- _Work order_: Only the lines from the one with "Giorgio Armani AR7183 5001" through the end of the data below belong in the answer, restated word for word, pictures excluded.

- _Extracted material_:

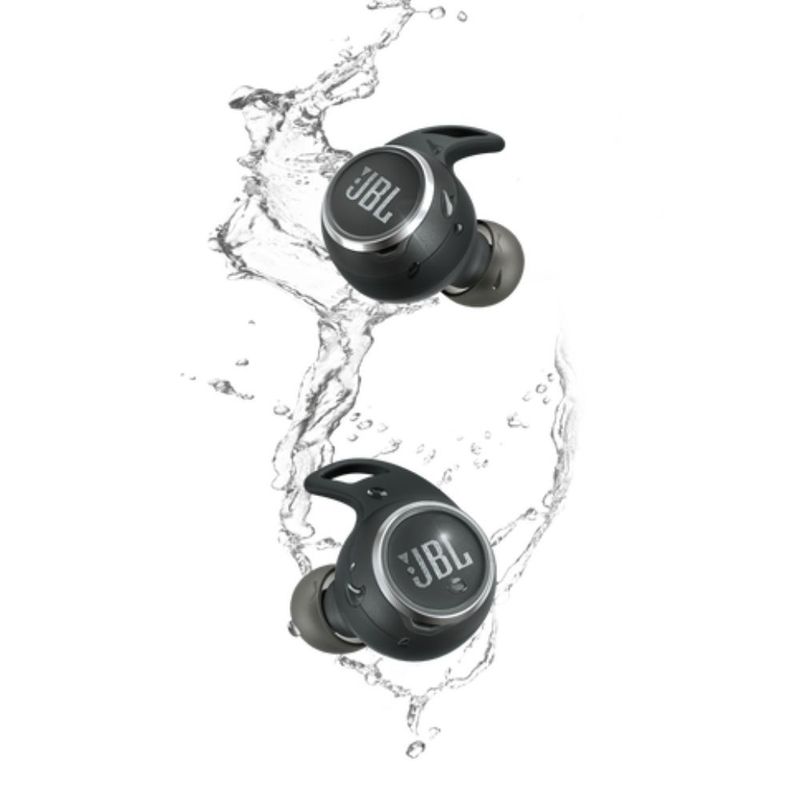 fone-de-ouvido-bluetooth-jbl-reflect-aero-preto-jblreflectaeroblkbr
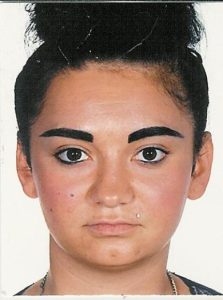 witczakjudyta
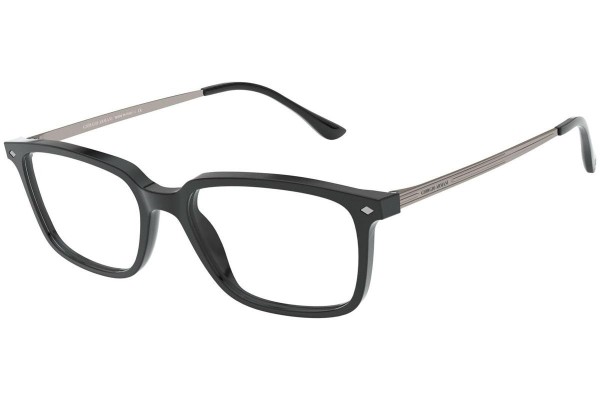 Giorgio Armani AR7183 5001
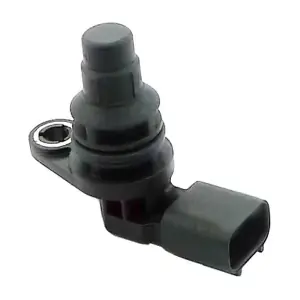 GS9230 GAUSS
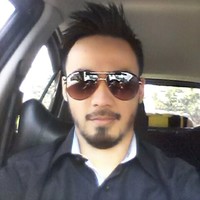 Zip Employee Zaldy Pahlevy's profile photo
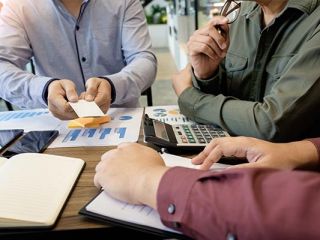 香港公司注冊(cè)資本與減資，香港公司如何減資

- _Task response_:
 Giorgio Armani AR7183 5001
 GS9230 GAUSS
 Zip Employee Zaldy Pahlevy's profile photo
 香港公司注冊(cè)資本與減資，香港公司如何減資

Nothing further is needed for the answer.